Short web captions
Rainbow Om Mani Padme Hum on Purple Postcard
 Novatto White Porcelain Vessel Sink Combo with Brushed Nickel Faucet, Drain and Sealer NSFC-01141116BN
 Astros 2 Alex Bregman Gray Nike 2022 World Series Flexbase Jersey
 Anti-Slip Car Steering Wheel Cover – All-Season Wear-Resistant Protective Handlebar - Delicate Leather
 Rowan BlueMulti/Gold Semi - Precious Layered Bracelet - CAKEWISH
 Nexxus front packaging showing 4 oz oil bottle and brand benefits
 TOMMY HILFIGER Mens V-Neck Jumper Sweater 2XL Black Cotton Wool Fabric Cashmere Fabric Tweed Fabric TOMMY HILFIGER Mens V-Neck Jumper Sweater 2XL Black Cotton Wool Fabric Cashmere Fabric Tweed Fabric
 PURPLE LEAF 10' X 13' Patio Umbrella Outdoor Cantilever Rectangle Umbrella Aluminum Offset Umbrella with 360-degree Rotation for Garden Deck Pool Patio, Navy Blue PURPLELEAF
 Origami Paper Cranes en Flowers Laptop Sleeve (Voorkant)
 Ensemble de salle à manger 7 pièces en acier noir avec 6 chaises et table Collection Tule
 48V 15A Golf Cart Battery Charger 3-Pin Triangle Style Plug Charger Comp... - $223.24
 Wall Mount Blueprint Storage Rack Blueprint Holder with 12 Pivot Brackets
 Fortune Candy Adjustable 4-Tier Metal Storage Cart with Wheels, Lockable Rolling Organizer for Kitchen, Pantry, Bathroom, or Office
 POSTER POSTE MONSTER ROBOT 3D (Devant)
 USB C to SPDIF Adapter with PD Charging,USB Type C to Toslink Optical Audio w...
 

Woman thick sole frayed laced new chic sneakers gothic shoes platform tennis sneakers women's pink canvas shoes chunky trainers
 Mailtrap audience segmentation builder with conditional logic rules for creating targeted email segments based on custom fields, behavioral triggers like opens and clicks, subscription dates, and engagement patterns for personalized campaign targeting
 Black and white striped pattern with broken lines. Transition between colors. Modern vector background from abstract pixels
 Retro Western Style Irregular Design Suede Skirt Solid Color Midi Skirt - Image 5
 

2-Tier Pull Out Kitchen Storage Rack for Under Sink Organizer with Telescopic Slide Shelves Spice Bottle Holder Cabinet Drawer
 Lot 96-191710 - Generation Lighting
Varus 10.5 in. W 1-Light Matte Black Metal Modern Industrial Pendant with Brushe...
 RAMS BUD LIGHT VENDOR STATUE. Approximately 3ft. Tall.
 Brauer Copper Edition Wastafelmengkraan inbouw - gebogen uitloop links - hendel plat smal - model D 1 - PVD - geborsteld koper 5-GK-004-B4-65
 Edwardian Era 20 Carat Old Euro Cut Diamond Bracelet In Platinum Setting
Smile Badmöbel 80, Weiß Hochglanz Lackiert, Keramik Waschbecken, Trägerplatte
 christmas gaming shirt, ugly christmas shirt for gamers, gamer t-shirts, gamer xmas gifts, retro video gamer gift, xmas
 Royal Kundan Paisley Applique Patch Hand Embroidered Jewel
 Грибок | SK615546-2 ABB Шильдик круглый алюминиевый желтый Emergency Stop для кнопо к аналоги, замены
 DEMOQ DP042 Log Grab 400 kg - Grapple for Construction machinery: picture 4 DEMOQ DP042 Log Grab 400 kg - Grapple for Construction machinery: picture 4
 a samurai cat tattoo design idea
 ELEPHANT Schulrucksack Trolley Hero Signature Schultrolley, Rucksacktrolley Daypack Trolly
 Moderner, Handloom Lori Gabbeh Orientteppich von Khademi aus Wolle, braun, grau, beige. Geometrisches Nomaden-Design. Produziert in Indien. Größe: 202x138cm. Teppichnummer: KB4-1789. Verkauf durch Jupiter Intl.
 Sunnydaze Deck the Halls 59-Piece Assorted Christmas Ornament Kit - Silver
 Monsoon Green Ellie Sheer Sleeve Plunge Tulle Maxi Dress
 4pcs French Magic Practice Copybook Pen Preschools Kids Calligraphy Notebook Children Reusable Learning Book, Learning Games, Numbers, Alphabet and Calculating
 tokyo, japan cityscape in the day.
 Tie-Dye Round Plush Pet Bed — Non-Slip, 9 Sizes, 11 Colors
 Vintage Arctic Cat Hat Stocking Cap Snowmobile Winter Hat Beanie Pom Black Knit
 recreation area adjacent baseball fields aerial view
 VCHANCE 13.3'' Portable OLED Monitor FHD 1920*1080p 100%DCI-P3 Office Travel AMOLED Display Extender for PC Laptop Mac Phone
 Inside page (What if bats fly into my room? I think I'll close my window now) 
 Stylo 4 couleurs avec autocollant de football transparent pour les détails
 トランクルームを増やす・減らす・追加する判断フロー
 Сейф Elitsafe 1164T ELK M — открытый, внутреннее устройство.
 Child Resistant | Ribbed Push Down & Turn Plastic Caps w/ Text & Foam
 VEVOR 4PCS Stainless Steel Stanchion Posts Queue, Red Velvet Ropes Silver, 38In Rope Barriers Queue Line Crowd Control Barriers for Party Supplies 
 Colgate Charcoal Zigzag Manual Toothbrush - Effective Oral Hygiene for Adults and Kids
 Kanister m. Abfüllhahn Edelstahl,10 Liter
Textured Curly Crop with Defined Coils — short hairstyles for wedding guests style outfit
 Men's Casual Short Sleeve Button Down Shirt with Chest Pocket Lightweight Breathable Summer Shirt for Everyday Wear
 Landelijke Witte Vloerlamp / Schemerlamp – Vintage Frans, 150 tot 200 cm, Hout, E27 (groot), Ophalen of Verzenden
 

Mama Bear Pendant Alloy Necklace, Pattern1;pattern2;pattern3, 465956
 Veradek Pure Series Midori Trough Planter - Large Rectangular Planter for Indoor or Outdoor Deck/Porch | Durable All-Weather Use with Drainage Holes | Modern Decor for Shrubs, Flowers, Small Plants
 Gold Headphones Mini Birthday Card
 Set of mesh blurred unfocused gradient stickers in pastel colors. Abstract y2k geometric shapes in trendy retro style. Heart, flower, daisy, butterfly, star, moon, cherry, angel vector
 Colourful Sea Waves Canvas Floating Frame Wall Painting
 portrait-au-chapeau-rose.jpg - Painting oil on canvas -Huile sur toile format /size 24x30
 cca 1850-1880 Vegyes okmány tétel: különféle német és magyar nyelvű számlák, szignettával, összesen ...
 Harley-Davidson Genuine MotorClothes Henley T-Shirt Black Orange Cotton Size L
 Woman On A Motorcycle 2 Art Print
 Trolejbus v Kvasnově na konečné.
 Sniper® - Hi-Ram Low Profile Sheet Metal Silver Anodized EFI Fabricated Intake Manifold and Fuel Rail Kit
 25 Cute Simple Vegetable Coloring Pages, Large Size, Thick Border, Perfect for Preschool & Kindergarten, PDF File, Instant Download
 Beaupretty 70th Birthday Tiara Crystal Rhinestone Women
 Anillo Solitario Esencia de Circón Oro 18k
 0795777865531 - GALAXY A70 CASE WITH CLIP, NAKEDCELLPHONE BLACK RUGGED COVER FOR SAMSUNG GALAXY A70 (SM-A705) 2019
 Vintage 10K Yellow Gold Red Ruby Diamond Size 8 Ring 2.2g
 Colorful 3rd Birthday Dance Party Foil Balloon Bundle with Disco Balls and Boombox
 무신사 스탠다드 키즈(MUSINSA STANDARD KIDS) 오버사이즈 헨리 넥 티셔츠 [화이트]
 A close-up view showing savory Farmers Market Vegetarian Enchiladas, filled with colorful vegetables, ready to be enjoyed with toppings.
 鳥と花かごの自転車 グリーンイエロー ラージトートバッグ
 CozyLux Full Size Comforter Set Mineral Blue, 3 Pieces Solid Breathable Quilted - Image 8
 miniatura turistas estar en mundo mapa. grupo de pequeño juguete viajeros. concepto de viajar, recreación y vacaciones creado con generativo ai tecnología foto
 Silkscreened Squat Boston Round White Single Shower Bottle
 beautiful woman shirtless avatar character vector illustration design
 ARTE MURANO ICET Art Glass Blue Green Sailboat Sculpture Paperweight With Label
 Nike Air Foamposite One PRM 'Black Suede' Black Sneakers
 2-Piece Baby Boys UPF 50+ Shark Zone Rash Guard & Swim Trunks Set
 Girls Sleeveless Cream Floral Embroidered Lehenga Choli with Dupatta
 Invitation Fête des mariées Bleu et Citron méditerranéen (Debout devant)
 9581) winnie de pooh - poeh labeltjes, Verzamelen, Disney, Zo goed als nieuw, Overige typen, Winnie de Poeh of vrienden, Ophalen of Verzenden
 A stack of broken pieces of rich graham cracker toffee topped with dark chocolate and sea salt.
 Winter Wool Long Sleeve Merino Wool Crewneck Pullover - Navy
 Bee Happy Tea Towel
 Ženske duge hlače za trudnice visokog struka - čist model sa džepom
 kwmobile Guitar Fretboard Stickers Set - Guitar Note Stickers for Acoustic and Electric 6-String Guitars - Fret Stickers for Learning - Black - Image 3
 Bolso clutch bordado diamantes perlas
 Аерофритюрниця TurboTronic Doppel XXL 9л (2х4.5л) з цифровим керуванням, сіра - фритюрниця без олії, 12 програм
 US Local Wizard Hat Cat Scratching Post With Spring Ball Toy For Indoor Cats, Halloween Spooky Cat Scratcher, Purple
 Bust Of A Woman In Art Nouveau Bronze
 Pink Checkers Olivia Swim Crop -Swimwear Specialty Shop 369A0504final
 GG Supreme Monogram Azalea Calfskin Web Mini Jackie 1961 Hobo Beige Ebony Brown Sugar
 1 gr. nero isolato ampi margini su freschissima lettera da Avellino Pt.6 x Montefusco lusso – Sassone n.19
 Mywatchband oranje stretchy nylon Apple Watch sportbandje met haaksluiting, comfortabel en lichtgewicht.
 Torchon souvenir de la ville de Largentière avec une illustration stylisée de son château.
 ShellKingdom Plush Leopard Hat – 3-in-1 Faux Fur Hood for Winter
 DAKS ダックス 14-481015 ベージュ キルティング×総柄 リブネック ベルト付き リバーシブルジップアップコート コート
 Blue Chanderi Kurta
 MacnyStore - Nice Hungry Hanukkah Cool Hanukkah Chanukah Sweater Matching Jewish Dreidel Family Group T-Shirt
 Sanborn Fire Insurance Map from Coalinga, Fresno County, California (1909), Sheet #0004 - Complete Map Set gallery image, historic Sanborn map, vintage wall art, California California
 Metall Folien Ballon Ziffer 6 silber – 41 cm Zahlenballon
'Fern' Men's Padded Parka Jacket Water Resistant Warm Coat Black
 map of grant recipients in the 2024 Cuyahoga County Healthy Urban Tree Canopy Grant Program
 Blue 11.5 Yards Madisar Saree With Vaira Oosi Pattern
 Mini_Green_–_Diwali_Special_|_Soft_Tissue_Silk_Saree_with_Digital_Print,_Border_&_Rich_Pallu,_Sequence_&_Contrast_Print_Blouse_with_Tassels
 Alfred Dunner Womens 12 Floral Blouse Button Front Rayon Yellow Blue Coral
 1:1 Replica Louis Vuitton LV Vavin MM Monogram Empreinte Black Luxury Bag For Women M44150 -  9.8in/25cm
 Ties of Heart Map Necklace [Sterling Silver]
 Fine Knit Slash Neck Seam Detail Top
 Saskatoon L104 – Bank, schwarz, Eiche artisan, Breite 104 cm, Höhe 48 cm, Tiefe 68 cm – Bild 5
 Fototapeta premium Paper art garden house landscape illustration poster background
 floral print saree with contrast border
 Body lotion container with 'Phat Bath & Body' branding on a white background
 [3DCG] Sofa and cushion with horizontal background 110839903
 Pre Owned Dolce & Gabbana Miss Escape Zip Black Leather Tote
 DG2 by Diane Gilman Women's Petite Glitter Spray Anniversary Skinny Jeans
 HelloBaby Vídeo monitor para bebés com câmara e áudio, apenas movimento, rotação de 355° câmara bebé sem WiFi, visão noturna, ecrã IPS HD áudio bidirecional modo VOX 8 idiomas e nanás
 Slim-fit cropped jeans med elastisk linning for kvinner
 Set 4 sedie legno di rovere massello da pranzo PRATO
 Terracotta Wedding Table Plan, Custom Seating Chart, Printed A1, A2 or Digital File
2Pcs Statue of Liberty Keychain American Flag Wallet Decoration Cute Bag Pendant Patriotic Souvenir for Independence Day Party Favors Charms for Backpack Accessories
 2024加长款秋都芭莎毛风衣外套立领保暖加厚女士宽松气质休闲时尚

Task brief: Produce only the lines from the line containing "1 gr. nero isolato" through the line containing "Saskatoon L104 –", inclusive of both, exactly as they stand in the entries above.

Result of this exercise:
 1 gr. nero isolato ampi margini su freschissima lettera da Avellino Pt.6 x Montefusco lusso – Sassone n.19
 Mywatchband oranje stretchy nylon Apple Watch sportbandje met haaksluiting, comfortabel en lichtgewicht.
 Torchon souvenir de la ville de Largentière avec une illustration stylisée de son château.
 ShellKingdom Plush Leopard Hat – 3-in-1 Faux Fur Hood for Winter
 DAKS ダックス 14-481015 ベージュ キルティング×総柄 リブネック ベルト付き リバーシブルジップアップコート コート
 Blue Chanderi Kurta
 MacnyStore - Nice Hungry Hanukkah Cool Hanukkah Chanukah Sweater Matching Jewish Dreidel Family Group T-Shirt
 Sanborn Fire Insurance Map from Coalinga, Fresno County, California (1909), Sheet #0004 - Complete Map Set gallery image, historic Sanborn map, vintage wall art, California California
 Metall Folien Ballon Ziffer 6 silber – 41 cm Zahlenballon
'Fern' Men's Padded Parka Jacket Water Resistant Warm Coat Black
 map of grant recipients in the 2024 Cuyahoga County Healthy Urban Tree Canopy Grant Program
 Blue 11.5 Yards Madisar Saree With Vaira Oosi Pattern
 Mini_Green_–_Diwali_Special_|_Soft_Tissue_Silk_Saree_with_Digital_Print,_Border_&_Rich_Pallu,_Sequence_&_Contrast_Print_Blouse_with_Tassels
 Alfred Dunner Womens 12 Floral Blouse Button Front Rayon Yellow Blue Coral
 1:1 Replica Louis Vuitton LV Vavin MM Monogram Empreinte Black Luxury Bag For Women M44150 -  9.8in/25cm
 Ties of Heart Map Necklace [Sterling Silver]
 Fine Knit Slash Neck Seam Detail Top
 Saskatoon L104 – Bank, schwarz, Eiche artisan, Breite 104 cm, Höhe 48 cm, Tiefe 68 cm – Bild 5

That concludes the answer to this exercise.